■ Instructions to follow: From the first line to the last, copy the listing exactly and omit the pictures.

=== Information shown ===

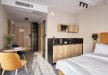hotel - Złoty Horyzont Resort  - zdjęcie 10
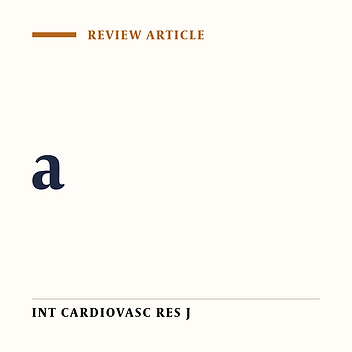 Ablation of Atrial Fibrillation: Patient Selection, Techniques, and the Outcome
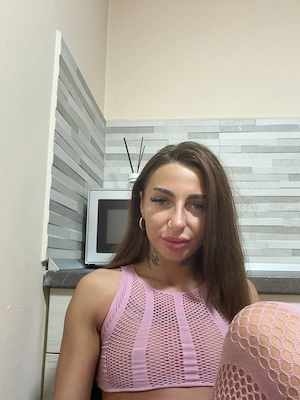Mara ,unica în România ,confirm video  - imagine 4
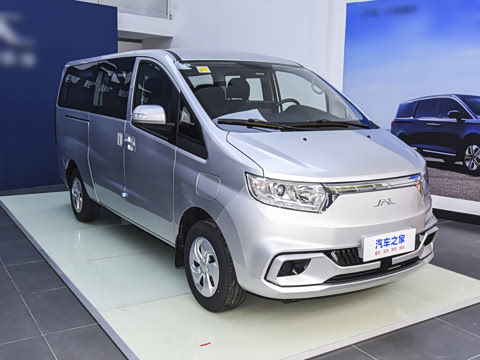 2026�� ��Ӣ��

===

■ Solved problem:
hotel - Złoty Horyzont Resort  - zdjęcie 10
 Ablation of Atrial Fibrillation: Patient Selection, Techniques, and the Outcome
Mara ,unica în România ,confirm video  - imagine 4
 2026�� ��Ӣ��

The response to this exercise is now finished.